▶ **Available data**:
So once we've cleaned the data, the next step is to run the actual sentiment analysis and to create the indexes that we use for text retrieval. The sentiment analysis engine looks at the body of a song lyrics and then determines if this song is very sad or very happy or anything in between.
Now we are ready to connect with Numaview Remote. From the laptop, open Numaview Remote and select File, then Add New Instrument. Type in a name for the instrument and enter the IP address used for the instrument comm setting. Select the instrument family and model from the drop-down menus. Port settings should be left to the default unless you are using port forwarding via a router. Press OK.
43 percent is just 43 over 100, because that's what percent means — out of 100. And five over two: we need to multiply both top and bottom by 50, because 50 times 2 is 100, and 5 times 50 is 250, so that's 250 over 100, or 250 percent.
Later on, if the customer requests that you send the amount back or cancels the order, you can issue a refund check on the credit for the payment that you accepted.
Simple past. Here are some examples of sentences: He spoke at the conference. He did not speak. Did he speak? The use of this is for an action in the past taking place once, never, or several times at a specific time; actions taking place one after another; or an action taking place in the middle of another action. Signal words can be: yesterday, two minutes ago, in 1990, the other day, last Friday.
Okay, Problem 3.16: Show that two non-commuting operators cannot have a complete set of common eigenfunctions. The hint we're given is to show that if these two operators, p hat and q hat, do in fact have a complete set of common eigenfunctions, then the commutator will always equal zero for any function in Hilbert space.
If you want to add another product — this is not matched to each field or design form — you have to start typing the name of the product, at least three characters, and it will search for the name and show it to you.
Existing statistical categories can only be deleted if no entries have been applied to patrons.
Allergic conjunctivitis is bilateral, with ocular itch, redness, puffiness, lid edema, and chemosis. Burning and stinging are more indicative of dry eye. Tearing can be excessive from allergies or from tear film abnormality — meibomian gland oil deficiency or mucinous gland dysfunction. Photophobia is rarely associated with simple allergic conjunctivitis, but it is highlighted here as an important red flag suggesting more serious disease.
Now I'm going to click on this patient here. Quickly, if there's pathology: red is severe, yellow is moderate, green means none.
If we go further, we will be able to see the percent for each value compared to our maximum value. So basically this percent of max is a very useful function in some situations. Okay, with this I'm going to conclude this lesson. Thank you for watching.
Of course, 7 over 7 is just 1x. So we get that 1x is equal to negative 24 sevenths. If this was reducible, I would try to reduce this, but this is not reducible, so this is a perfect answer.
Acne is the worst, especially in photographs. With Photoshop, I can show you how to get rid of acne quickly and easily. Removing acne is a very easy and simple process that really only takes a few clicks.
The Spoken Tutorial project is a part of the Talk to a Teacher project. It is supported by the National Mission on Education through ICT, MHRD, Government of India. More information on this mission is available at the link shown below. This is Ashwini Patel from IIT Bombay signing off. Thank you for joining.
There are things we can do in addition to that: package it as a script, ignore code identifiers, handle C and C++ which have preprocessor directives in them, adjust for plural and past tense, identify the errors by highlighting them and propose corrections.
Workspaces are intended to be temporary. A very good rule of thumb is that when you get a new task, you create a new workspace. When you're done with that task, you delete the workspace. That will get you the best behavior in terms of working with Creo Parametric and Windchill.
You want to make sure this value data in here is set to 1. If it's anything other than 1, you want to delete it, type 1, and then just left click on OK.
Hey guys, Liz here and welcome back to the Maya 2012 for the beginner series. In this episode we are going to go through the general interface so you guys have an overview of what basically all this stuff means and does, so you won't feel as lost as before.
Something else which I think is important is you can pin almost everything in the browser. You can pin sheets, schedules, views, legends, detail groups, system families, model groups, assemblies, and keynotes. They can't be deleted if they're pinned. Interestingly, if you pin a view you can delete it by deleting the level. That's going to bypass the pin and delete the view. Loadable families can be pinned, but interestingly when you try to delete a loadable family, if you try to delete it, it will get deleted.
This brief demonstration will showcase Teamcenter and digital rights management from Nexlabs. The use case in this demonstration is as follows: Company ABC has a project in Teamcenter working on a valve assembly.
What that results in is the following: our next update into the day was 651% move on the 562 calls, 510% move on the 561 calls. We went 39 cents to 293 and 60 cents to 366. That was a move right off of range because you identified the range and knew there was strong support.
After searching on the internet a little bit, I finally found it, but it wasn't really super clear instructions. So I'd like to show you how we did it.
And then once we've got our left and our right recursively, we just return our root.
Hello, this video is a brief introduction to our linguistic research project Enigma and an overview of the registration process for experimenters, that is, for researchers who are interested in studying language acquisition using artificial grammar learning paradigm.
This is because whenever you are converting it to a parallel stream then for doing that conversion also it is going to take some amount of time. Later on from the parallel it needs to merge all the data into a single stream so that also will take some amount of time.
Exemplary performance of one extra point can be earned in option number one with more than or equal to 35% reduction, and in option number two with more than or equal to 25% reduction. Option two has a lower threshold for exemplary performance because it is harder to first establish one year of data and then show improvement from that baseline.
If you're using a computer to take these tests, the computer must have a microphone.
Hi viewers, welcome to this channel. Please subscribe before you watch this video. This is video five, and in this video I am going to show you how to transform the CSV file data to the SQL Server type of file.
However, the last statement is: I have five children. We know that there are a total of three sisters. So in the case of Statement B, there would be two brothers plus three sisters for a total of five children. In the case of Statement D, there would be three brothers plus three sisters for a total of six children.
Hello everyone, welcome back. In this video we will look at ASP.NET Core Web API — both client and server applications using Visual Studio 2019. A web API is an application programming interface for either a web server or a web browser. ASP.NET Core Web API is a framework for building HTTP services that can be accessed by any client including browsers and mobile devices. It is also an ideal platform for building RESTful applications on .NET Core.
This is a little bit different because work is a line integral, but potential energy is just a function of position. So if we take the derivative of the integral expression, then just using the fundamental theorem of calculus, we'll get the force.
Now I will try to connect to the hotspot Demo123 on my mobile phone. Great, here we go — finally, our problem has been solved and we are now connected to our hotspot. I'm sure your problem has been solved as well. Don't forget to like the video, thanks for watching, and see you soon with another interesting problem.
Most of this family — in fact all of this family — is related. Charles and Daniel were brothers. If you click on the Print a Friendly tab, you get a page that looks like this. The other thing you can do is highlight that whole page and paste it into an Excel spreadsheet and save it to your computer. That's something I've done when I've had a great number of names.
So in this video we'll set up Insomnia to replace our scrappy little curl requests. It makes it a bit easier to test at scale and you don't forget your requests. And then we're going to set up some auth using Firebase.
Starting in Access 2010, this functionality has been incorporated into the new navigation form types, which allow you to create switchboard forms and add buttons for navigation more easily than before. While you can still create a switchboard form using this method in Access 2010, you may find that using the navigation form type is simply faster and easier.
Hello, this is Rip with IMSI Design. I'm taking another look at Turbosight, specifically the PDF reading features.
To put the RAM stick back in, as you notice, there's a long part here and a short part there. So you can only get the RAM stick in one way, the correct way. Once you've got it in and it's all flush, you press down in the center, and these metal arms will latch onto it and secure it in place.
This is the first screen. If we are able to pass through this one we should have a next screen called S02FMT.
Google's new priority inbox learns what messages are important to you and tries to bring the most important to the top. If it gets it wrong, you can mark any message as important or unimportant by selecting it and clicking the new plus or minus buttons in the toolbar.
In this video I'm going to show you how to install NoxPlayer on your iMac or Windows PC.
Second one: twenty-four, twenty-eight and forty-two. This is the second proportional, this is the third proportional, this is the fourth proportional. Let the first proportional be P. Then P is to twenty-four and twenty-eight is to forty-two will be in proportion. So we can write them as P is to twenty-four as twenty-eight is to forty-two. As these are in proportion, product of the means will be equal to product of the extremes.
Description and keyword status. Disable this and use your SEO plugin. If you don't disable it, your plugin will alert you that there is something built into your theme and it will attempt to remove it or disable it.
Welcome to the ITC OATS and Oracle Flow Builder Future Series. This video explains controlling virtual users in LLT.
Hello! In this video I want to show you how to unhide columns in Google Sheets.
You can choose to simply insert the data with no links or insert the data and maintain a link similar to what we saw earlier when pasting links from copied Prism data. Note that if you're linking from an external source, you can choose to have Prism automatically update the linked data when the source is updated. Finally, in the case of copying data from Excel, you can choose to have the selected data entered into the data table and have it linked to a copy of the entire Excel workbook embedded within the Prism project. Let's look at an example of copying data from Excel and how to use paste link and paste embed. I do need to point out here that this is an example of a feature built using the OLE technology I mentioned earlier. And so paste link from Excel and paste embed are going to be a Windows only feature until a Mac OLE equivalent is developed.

▶ **Prompt**: Take from the material above the lines running from the one with "And then once" through the one with "Hi viewers, welcome", and repeat them exactly, with nothing else.

▶ **Result of this task**:
And then once we've got our left and our right recursively, we just return our root.
Hello, this video is a brief introduction to our linguistic research project Enigma and an overview of the registration process for experimenters, that is, for researchers who are interested in studying language acquisition using artificial grammar learning paradigm.
This is because whenever you are converting it to a parallel stream then for doing that conversion also it is going to take some amount of time. Later on from the parallel it needs to merge all the data into a single stream so that also will take some amount of time.
Exemplary performance of one extra point can be earned in option number one with more than or equal to 35% reduction, and in option number two with more than or equal to 25% reduction. Option two has a lower threshold for exemplary performance because it is harder to first establish one year of data and then show improvement from that baseline.
If you're using a computer to take these tests, the computer must have a microphone.
Hi viewers, welcome to this channel. Please subscribe before you watch this video. This is video five, and in this video I am going to show you how to transform the CSV file data to the SQL Server type of file.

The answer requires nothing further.